Robert Krier, am 10. Juni 1938 in Grevenmacher, Luxemburg, geboren und der ältere Bruder von Léon Krier, mit dem er viele Projekte zusammen gemacht hatte, zog es ins Ausland, zum großen Nachbarn Deutschland. Hier studierte er von 1959-64 Architektur an der TU München, arbeitete ein paar Jahre bei Ungers und startete schnell seine Lehrtätigkeiten an der Universität Stuttgart und École polytechnique fédérale de Lausanne. Von 1976 bis 1998 Professor an der TU Wien und Direktor des dortigen Instituts für Gestaltungslehre hatte er 1986 eine Gastprofessur an der Yale University, New Haven/USA inne.
Muzentoren, Den Haag/NL (2000)
Foto: Rob Krier
International bekannt und vielfach diskutiert wurde Rob Krier durch seine 1975 erschienene Publikation „Stadtraum“, in der er sich – wie in seiner späteren Praxis – mit der städtebaulichen Rekonstruktion zerstörter urbaner Strukturen auseinandersetzte. Dabei orientierte er sich an Vorbildern historischer - häufig italienischer - Städte. Deren, aus seiner Sicht, idealen Strukturen, die sich aus Jahrhunderten Entwicklungsgeschichte gleichsam evoluzioniert hatte, versuchte er in seinen Vorschlägen für den Städtebau der Nachkriegszeit anzuwenden, was ihm bereits damals die Kritik einbrachte, er schaue zu sehr auf Vergangenes.

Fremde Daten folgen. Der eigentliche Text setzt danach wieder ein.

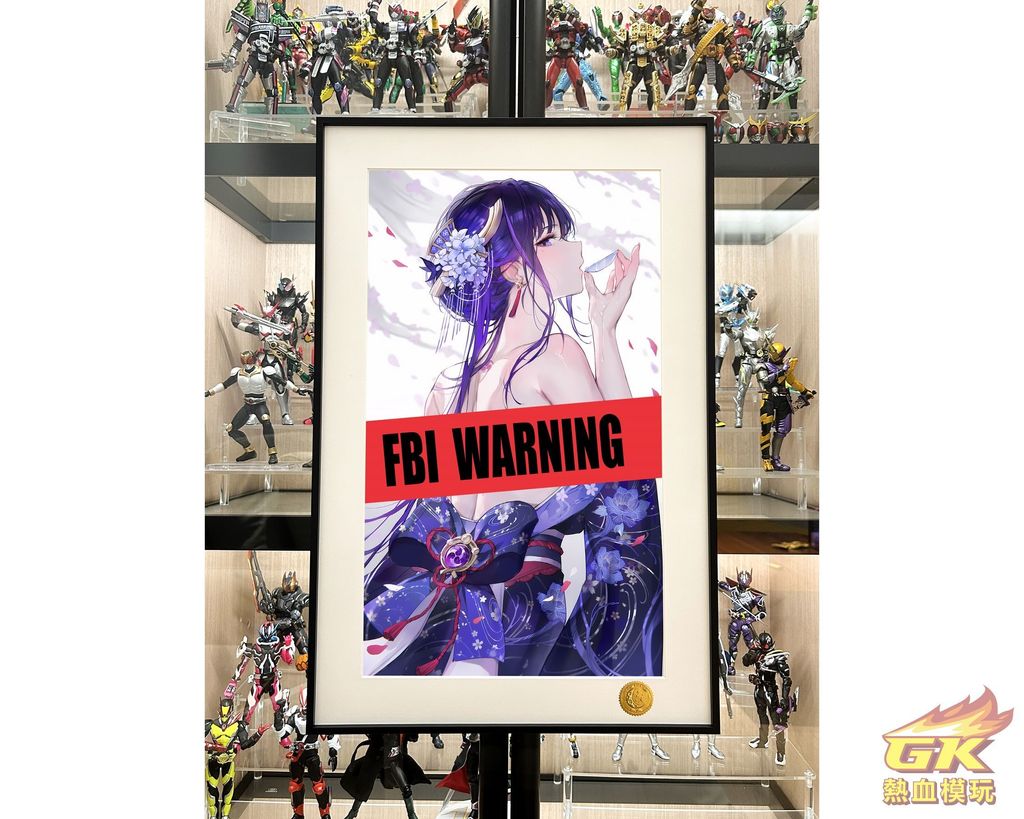 圖片_20231014142234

1976 gründete Krier in Wien ein eigenes Büro, das er, wie viele seiner Kollegen, 1993 nach Berlin verlegte. Damit reiste er auch in eine Stadt, in welcher er bereits im Rahmen der IBA Blockrandbebauungen an der Ritterstraße (1977–1980), "Stadtvillen" an der Rauchstraße (1980) realisiert hatte. Sein größtes Projekt allerdings war das Projekt Kirchsteigfeld in Potsdam (1992–1997), das das Büro Krier Kohl mit 24 Architekturbüros aus Deutschland, Italien und den USA umzusetzte. Es galt damals als urbane Vorstadt nach "traditionellen städtebaulichen Mustern", in der kleinteiliger Wohnungsbau mit Arbeitsstätten, Einzelhandel und Grünflächen gemsicht waren.

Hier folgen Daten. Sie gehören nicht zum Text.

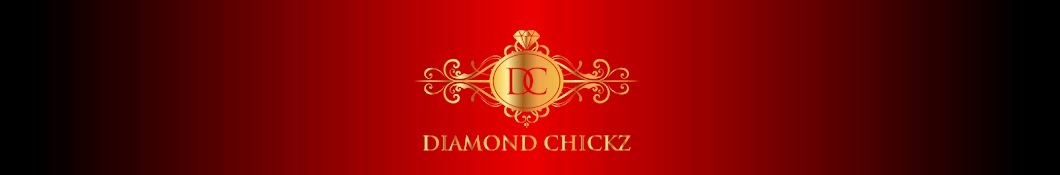 DiamondChickz YouTube channel avatar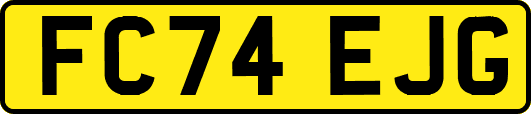 FC74EJG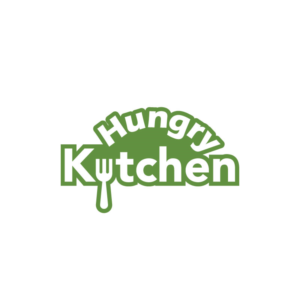 Logo Design by Ansh Design for this project | Design: #28203113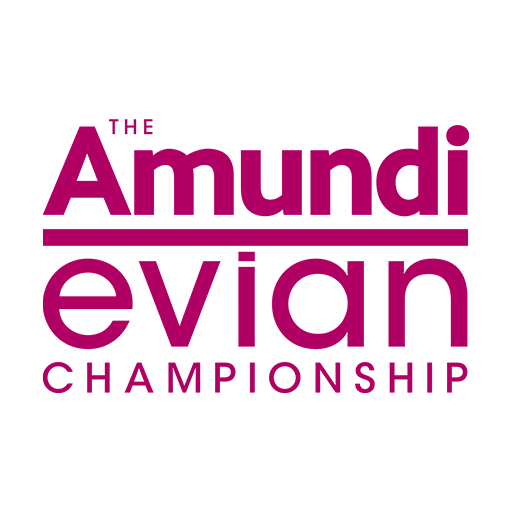 The Amundi Evian Championship 2023 วันที่ 1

Fast aktuell bei Birkhäuser: Rob Kier, The Work (2 Bde., 2021, 120 €)
Abb.: Birkhäuser
Dass dieses Projekt wie viele weitere auch - manche davon mit seinen bildhauerischen Werken ausgestattet - eine Kampfansage an die Prinzipien der Moderne waren, findet sich nicht bloß in der Analyse ebendieser, es finden sich bücherweise Anhalte, Aufrufe, Versuche, Studien etc., die die von Alexander Mitscherlich erhobene Maxime von der Unwirtlichkeit unserer Städte umformt, weiterspinnt, zu mildern versucht. Dass man dann zu dem Schluss kommen kann, er sei der "Anwalt der schönen Künste" (Dankwart Guratzsch) erscheint logisch, sein im oben schon genannten Interview geäußerter Wiederwille gegen die Folgen der Moderne, unterstreicht seine Haltung, die Vergangenheit als Qualität anzuerkennen und den Bruch mit ihr über das Bauen beispielsweise zu heilen: "Kein Mensch fährt am Sonntag in das Märkische Viertel und in die Gropiusstadt, um dort spazieren zu gehen. Aber das, was jetzt entsteht, ist nicht besser."

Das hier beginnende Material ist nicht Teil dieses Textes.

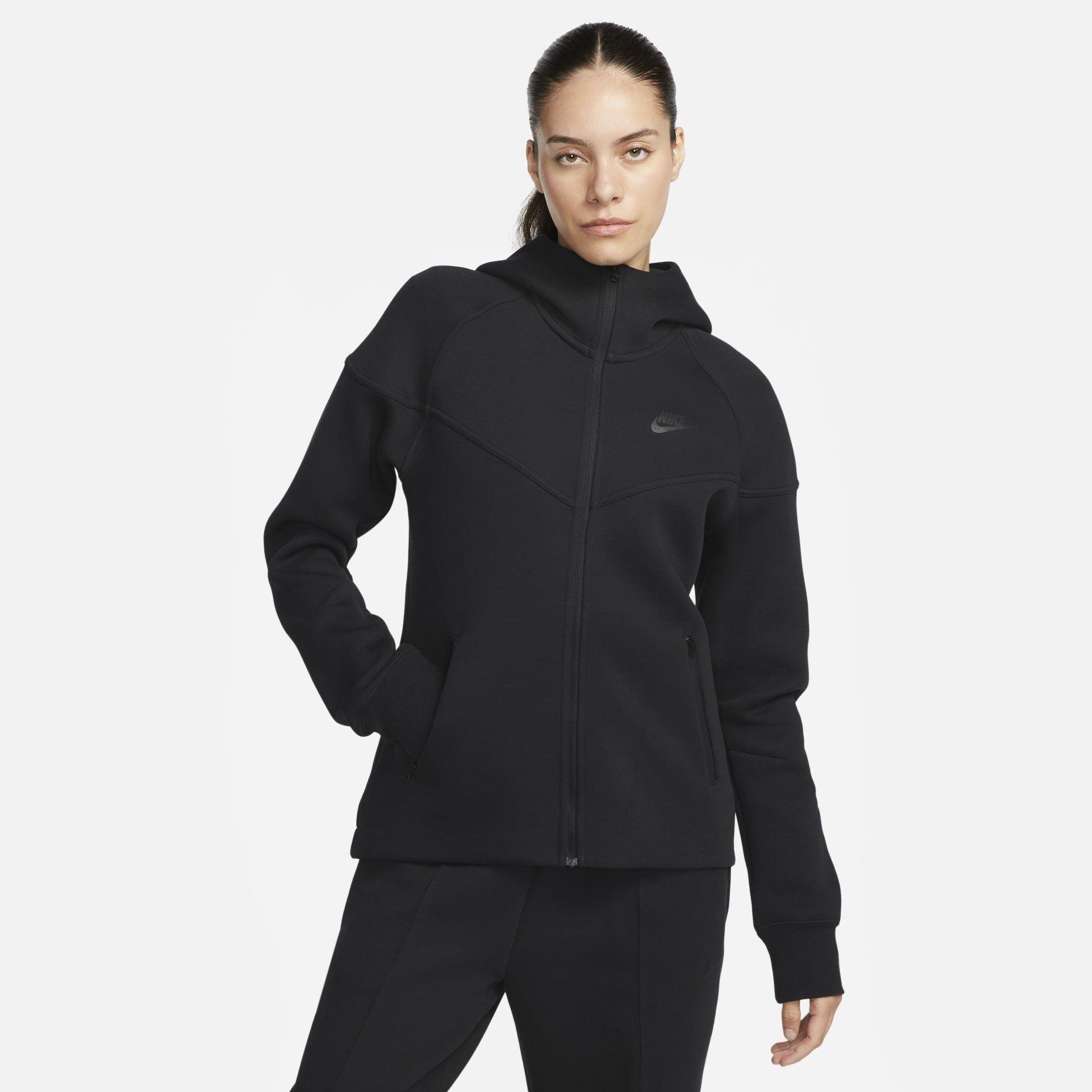 Sweat a zip nike new arrivals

Brief Rob Kriers als Reaktion auf eine Rezension seines Buches in der DBZ
Foto: Benedikt Kraft
Seine Stimme wird fehlen, so schreibt man gerne, tatsächlich brauchen wir mehr von diesen Korrektiven, diesen "Statements dawider", ohne gleich zu fordern, wir sollten wieder post- oder prämodern werden!